Synopsis officiel: Été 1900, dans une vallée du sud de la Suisse. Élisabeth a dix-sept ans et s'apprête à faire ses vœux quand le décès brutal de sa sœur aînée l'oblige à retrouver sa famille et la vie de labeur qu'elle avait quitté cinq ans plus tôt pour entrer au couvent. Élisabeth n'est plus une enfant et les mystères entourant la mort de sa sœur vont la pousser à lutter pour son droit à l'expérience.
En salle à Montréal le 31 mai 2024
Marquée par un fait divers tragique (deux adolescents d'une banlieue de Berlin qui s'immolent par le feu), Carmen Jaquier a tenu pour son premier long métrage en solo à s'interroger sur les émotions qui traversent l'adolescence, ses injustices, ses rejets et ses désirs. Parallèlement, en feuilletant des carnets de notes ayant appartenu à son arrière grand-mère, elle a découvert comment son aïeule - campagnarde rustre et simple - avait réussi à se créer, en secret, un espace de connexion avec Dieu.
Partant de ces deux pôles d'attraction forts - l'adolescence et la foi -, la réalisatrice suisse a tissé une histoire d'une belle profondeur qui se distingue aisément des passages à l'âge adulte et des récits estivaux que l'on a l'habitude de voir.
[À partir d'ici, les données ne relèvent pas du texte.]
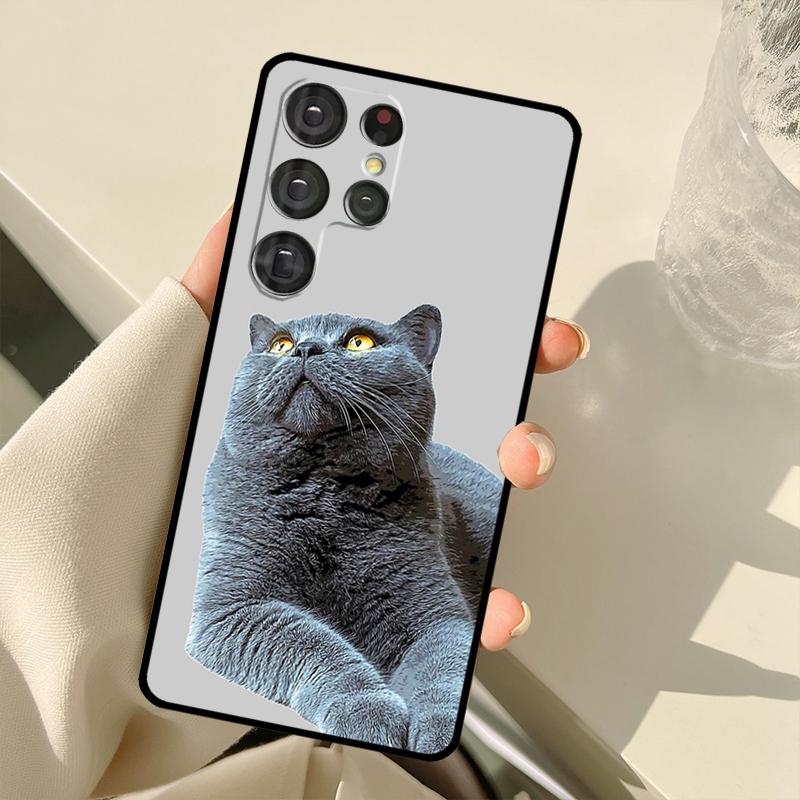 Чехол для телефона Samsung Galaxy с изображением британской короткошерстной кошки S24 Ultra S21 S22 S23 S25 Ultra S9 S10 Plus S20 FE S25 FE Задняя крышка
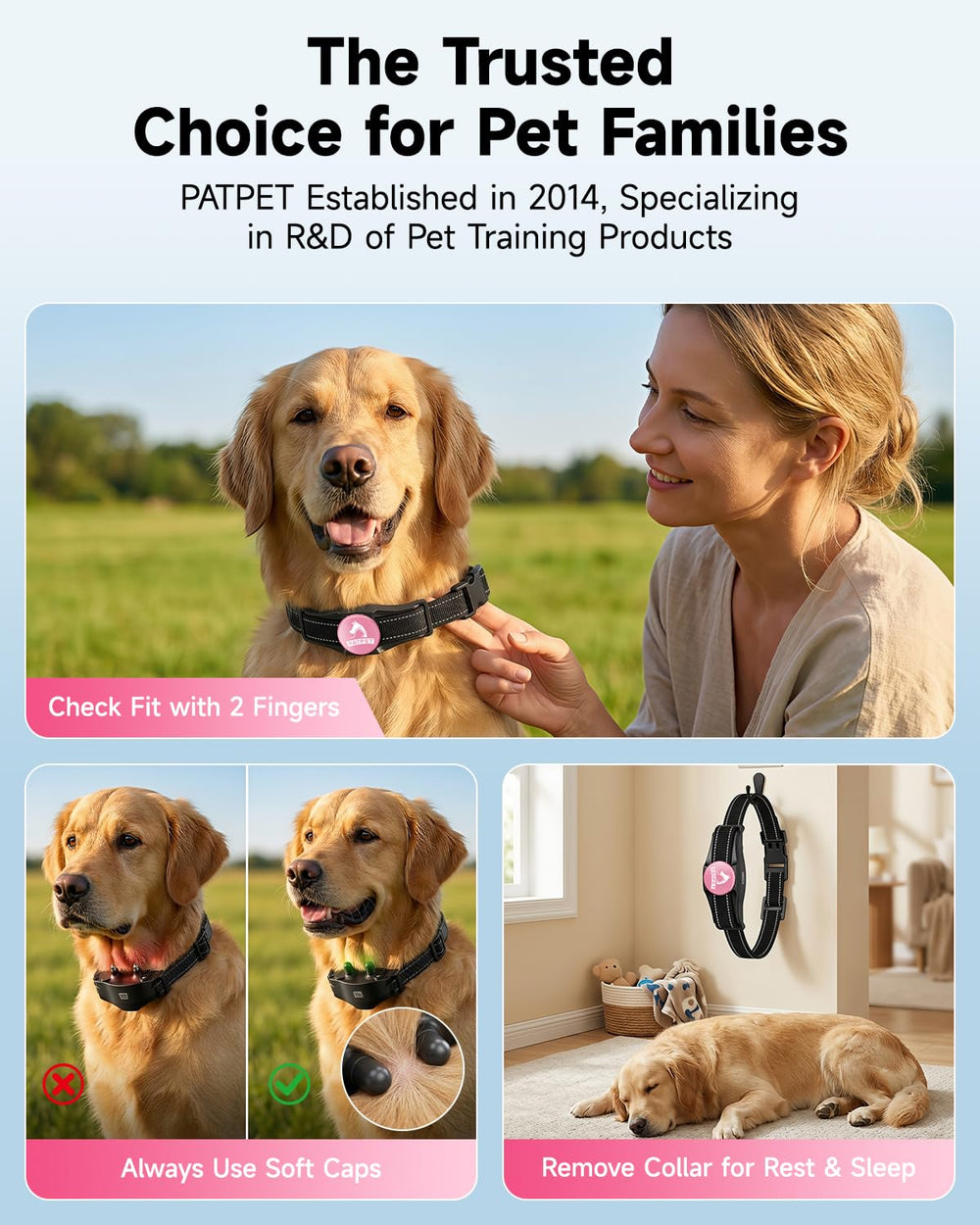 PATPET adjustable collar strap fits medium and large dogs comfortably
Foudre, à la sensualité omniprésente, se nourrit d'ombres et de lumières, rendues à part égale dans l'histoire de l'apprentissage douloureux vécu par la protagoniste, parfaitement campée par la Française Lilith Grasmug.
Après avoir embrassé les vertus divines procurées par l'enseignement catholique qu'elle reçoit au couvent, Élisabeth découvre dans le journal intime de sa soeur disparue que les premiers tressaillements amoureux peuvent aussi être manifestation divine. Cet émoi, son épanouissement spirituel et charnel et cette sexualité qu'elle relient directement à la présence concrète de Dieu sur Terre, rentrent en conflit avec les valeurs morales strictes imposées par l'Église et ses parents.
J'ai trouvé que la dualité entre forces libératrices et dogmes obscurantistes était parfois un peu trop manichéenne (les parents, la mère en particulier, semblent à mille lieux des émotions de leur fille, comme celle-ci n'était qu'une étrangère). Toutefois, Foudre repose sur une mise en scène d'une grande délicatesse (la scène dans le champs d'orties est mémorable), des comédiens parfaitement justes et une direction photo immersive qui parvient à sublimer autant le caractère émancipatoire de l'acte d'amour que les recoins les plus sombres de l'âme humaine.
Au niveau de ses thèmes, Foudre, c'est avant tout l'histoire de l'émancipation de femmes qui, historiquement, n'ont pas eu le droit ou la possibilité de penser à elles, à leur corps, à leurs plaisirs ou à leurs émotions. L'opposition entre l'incandescence d'un apprentissage qui, par définition, est unique et irremplaçable, et la noirceur d'un héritage qui rend obscur tout ce qui n'est pas travail et abnégation, prend racine au sein d'une nature sauvage, aussi accueillante que terrifiante. Mais, par le biais du choc que vit sa protagoniste, et bien qu'elle ait campé son récit au début du XXe siècle dans une communauté alpestre recluse, Jaquier aborde des thèmes universels et tout à fait actuels, tels la lutte contre le fanatisme religieux ou la transmission des valeurs, des savoirs ou autre croyances.
En somme, avec ce premier long métrage prometteur, Carmen Jaquier signe une oeuvre forte, délicate et émouvante, qui avait d'ailleurs été inscrite par la Suisse pour dans la catégorie " Meilleur long métrage international " aux Oscars cette année.